Welt

Syrer feiern neue Regierung – doch die Angst vor den Islamisten bleibt groß

2024-12-23

Autor: Louis

Nach dem überraschenden Sturz von Baschar al-Assad in Syrien feiern die Menschen in Damaskus die neuen Machthaber. Die Hoffnung auf Veränderung ist spürbar, doch im Schatten der Euphorie schwingt auch eine tiefe Angst vor den Islamisten mit. Viele junge Syrer befürchten, dass die militant-islamistische HTS-Miliz (Haiat Tahrir al-Scham) ihre Repressionen weiter verstärken könnte.

„Wir haben Hoffnung. Und wir haben Angst“, sagt Rasha, eine 27-jährige Demonstrantin.
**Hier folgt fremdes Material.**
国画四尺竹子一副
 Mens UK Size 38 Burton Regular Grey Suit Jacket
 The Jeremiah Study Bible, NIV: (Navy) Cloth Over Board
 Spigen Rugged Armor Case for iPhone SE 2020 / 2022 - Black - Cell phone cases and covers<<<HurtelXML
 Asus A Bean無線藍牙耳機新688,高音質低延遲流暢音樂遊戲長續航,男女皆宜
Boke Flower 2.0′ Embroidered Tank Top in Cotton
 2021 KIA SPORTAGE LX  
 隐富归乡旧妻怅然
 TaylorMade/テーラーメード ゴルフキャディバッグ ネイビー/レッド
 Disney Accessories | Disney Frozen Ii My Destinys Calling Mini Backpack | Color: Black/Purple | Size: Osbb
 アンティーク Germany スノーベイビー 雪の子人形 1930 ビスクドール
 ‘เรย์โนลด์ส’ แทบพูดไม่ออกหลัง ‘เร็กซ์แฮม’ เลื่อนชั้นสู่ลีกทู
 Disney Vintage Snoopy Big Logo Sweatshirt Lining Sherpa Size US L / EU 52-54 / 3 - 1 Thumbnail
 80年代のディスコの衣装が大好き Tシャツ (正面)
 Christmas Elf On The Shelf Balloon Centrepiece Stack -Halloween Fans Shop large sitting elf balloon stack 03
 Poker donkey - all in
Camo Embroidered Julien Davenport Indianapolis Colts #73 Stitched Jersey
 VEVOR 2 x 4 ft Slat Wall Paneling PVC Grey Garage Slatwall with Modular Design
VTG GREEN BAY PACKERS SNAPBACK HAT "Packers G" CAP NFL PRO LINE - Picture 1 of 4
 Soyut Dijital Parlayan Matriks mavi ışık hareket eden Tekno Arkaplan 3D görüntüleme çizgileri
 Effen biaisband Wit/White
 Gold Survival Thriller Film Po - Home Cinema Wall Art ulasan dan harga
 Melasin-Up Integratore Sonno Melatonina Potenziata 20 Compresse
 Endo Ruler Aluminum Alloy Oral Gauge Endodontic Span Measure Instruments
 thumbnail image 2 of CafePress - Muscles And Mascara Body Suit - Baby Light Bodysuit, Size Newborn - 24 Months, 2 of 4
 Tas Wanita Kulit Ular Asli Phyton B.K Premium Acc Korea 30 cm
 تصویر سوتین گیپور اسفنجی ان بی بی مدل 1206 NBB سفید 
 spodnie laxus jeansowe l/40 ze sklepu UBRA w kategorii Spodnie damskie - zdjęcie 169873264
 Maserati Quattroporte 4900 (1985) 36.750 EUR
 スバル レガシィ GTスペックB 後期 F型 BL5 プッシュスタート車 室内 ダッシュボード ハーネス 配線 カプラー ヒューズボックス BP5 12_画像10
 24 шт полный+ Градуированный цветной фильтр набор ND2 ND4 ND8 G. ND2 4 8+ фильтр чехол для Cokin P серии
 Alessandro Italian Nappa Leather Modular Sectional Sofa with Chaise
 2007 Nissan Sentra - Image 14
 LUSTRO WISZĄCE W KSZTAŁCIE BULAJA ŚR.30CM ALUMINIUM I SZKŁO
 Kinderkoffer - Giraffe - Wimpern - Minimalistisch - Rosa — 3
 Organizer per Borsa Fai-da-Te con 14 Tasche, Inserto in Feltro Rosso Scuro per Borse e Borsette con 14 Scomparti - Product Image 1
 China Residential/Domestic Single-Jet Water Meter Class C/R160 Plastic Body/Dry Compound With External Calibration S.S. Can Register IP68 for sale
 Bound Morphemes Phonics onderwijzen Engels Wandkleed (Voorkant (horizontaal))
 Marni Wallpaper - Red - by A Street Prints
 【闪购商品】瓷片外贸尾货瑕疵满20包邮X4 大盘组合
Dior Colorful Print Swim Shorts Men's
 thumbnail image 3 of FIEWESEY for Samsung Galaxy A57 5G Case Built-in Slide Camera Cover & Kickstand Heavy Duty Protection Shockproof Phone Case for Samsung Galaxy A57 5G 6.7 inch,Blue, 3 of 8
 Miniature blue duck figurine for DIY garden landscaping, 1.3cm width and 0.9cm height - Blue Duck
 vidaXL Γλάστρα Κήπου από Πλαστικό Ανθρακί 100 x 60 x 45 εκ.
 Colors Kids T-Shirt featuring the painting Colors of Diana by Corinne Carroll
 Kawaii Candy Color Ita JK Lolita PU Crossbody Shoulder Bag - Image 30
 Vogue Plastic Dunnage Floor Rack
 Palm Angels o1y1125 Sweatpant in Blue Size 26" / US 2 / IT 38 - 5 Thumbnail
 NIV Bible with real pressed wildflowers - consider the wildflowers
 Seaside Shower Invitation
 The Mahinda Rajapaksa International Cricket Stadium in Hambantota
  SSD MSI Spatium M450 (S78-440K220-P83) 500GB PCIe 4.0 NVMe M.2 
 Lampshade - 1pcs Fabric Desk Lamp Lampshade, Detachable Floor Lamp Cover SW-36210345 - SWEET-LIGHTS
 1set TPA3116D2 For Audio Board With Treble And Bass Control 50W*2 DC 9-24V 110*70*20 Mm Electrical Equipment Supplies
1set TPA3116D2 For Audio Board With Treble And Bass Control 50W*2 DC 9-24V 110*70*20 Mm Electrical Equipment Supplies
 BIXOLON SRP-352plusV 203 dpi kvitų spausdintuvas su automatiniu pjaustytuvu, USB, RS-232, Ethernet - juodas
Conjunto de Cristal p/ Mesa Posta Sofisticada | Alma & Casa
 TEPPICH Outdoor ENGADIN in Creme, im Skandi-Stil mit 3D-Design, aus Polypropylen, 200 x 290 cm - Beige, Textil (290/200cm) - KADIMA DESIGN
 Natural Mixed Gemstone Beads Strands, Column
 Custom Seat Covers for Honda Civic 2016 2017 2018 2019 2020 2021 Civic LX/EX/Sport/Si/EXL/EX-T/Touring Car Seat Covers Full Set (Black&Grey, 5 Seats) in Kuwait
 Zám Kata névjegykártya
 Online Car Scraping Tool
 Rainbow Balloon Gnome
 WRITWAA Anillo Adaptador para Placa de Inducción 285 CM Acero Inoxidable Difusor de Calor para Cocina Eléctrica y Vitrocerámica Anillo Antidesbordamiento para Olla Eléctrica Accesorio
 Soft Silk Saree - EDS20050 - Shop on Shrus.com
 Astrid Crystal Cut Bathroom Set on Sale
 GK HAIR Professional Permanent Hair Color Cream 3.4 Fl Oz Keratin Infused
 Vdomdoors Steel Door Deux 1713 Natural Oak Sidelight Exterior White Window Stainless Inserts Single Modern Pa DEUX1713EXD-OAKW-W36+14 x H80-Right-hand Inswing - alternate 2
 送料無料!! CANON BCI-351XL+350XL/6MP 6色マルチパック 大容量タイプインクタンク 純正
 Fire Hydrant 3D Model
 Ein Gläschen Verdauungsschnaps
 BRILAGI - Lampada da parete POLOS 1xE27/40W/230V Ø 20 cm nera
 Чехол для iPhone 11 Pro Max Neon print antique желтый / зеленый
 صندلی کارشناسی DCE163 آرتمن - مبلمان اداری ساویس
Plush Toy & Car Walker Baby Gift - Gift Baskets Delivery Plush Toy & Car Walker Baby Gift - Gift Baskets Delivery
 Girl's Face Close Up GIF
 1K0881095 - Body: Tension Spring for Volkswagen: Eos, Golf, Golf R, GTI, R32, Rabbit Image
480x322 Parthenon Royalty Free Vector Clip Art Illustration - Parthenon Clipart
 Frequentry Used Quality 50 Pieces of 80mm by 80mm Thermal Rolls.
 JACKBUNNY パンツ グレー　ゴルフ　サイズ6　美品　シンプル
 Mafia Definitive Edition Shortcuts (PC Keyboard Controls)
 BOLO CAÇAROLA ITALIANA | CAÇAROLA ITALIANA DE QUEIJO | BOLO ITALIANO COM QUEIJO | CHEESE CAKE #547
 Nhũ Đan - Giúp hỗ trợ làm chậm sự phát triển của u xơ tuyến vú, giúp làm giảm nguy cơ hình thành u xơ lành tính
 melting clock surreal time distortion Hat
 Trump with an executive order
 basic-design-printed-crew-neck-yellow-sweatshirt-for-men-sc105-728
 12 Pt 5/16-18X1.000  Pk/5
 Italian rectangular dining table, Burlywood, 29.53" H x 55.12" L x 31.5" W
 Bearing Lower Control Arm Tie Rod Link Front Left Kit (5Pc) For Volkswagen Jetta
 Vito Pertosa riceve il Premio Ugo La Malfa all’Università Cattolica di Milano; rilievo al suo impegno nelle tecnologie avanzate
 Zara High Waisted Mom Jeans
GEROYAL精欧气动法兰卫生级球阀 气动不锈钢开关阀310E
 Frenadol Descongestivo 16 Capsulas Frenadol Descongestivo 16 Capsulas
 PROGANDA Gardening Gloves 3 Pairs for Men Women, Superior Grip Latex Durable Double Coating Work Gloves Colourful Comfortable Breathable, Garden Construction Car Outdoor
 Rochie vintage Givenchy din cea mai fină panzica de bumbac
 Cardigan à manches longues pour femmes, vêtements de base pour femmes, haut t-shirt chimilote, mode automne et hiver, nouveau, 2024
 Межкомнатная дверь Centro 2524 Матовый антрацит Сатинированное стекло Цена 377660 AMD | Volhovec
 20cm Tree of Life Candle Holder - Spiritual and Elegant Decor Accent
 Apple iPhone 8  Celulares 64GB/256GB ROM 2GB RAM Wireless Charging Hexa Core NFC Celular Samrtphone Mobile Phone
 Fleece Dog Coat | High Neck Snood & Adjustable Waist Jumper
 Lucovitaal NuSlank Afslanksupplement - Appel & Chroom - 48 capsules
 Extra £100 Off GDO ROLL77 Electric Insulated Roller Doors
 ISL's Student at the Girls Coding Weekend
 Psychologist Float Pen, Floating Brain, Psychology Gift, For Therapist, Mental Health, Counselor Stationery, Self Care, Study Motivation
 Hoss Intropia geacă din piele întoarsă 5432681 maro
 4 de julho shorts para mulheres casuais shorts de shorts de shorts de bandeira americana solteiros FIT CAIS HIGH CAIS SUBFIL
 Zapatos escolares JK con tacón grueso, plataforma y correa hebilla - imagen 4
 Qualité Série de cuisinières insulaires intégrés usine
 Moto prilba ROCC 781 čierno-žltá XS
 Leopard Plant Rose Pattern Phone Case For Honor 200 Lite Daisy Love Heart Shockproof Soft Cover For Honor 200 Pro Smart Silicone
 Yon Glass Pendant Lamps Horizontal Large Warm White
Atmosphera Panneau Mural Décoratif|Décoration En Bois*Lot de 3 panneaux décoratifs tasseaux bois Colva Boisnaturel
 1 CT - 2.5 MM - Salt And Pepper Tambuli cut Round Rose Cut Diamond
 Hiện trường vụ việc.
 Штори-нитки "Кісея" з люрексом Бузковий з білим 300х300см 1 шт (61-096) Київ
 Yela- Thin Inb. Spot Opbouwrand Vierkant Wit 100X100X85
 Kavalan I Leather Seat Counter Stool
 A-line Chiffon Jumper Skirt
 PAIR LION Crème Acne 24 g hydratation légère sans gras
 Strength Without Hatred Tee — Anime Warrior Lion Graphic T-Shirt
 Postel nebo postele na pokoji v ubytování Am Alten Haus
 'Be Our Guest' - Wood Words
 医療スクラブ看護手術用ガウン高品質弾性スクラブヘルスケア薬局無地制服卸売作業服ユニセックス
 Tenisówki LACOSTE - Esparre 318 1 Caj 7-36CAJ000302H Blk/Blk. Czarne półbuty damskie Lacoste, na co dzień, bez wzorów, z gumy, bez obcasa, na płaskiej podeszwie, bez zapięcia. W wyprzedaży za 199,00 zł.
Täglich haben die Syrer unter einem repressiven Regime gelitten, und viele glauben, die nächsten Monate könnten entscheidend für die Zukunft des Landes sein. Rasha erklärt: „Die alte Regierung hat es vorgezogen, nur ihren Anhängern zu helfen, während der Rest des Volkes nichts bekam. Nach dem Fall Assads droht jetzt jedoch das totale Chaos.“

Trotz der aktuellen Unsicherheit glaubt sie, dass die neue Regierung möglicherweise nicht in der Lage sein wird, die Situation langfristig zu kontrollieren. „Sie versucht zwar, die Hetze gegen andere religiöse und ethnische Gruppen in Schach zu halten, doch diese Kräfte sind nach wie vor präsent. Wenn sie an Einfluss gewinnen, kann das zu Gewaltausbrüchen führen.“

Die Demonstrationen auf dem Umayyaden-Platz sind eine Seltenheit. Über Jahrzehnte wurden die Syrer ihrer Grundrechte beraubt, konnten sich nicht frei äußern oder versammeln. Die „Secular Youth Rally“ zieht vor allem junge Menschen an. Plakate mit Forderungen nach Demokratie und Gleichheit zieren die Versammelten. „Wir wissen, dass die neue Regierung nicht in ein paar Monaten alles reparieren kann“, sagt Rasha. „Es braucht Zeit. Aber die Frage ist, ob wir diese Zeit haben.“

Asmah, 23 Jahre alt, zeigt sich optimistischer: „Ich wünsche mir ein freies, friedliches und vereintes Syrien.“ Die neue Regierung habe ihren Fokus auf Frauenrechte gelegt und viele sehen sie als vielversprechend an. Dennoch gibt es ernste Bedenken, nachdem ein Sprecher von HTS angedeutet hat, Frauen wären biologisch nicht für Führungspositionen geeignet. Diese Äußerung hat in sozialen Medien einen Sturm der Entrüstung ausgelöst und spiegelt die Sorgen wider, dass die neue Regierung disziplinarische Maßnahmen anordnen könnte.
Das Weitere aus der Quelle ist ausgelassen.